** Material supplied **

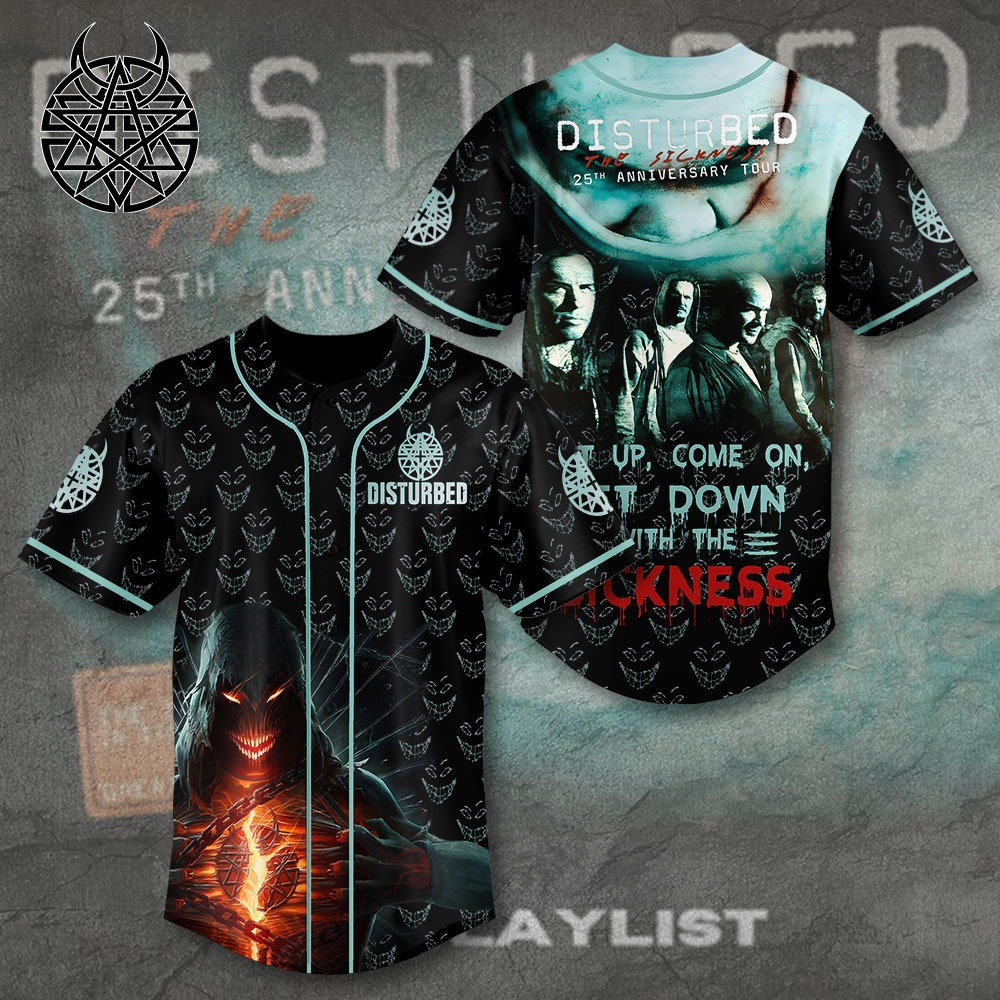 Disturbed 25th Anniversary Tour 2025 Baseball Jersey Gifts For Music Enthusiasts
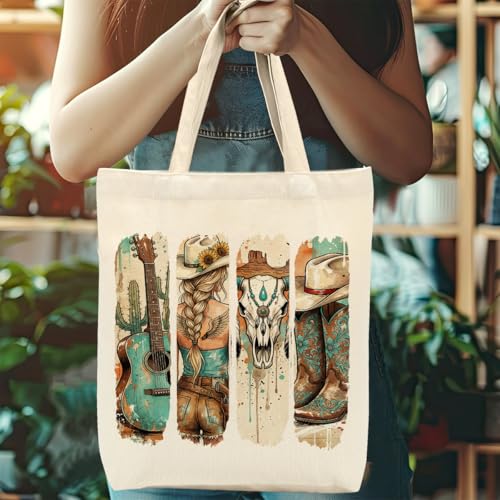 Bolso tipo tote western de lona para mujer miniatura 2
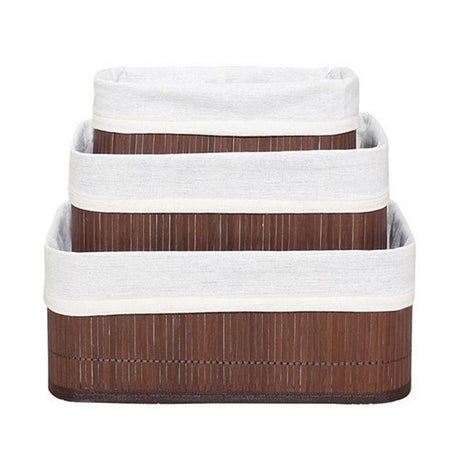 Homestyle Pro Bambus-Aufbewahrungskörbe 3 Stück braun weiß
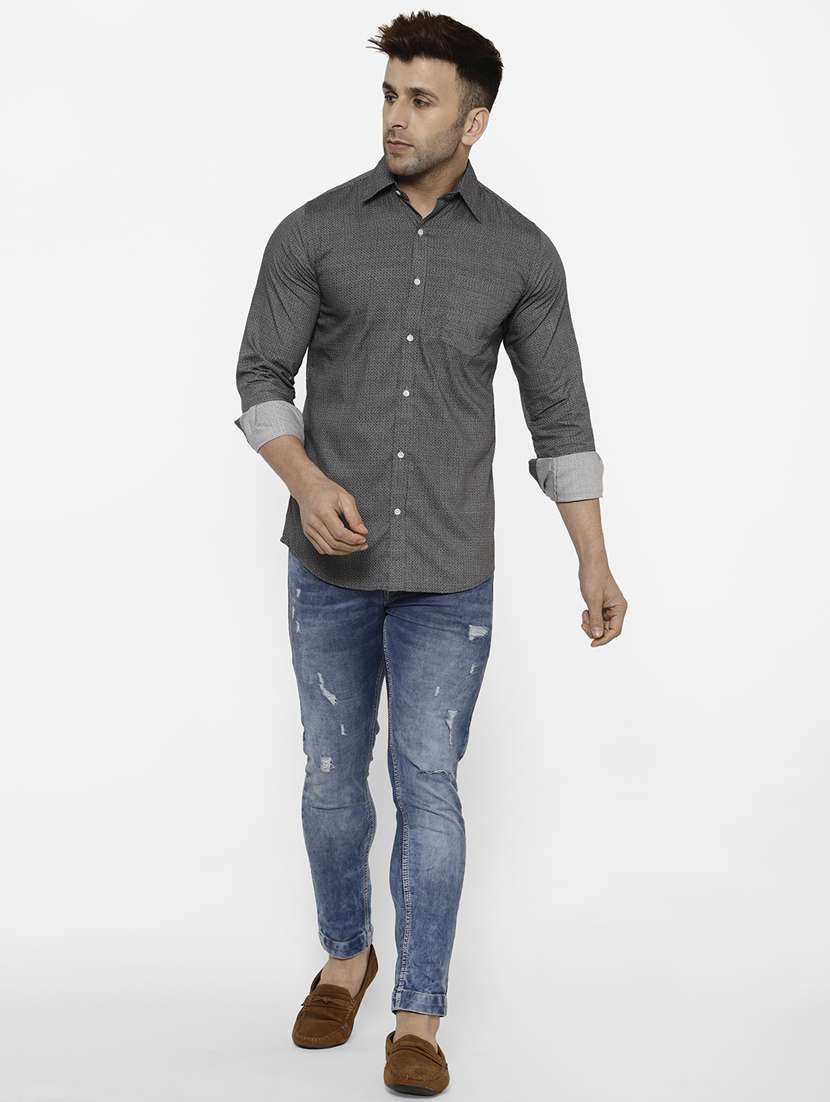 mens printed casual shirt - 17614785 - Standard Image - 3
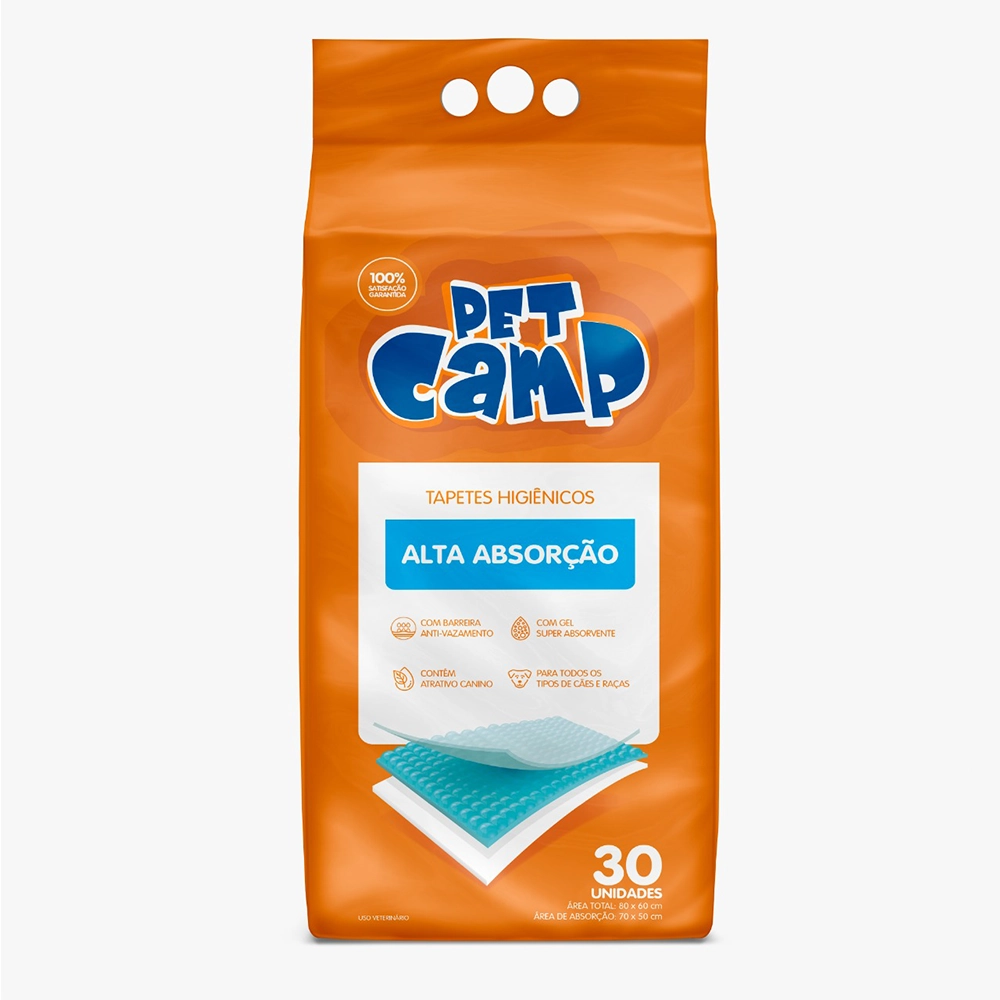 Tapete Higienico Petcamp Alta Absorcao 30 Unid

** The problem **
Instructions for the listing above: set down every entry exactly and drop any image.

** Exercise result **
 Disturbed 25th Anniversary Tour 2025 Baseball Jersey Gifts For Music Enthusiasts
 Bolso tipo tote western de lona para mujer miniatura 2
 Homestyle Pro Bambus-Aufbewahrungskörbe 3 Stück braun weiß
 mens printed casual shirt - 17614785 - Standard Image - 3
 Tapete Higienico Petcamp Alta Absorcao 30 Unid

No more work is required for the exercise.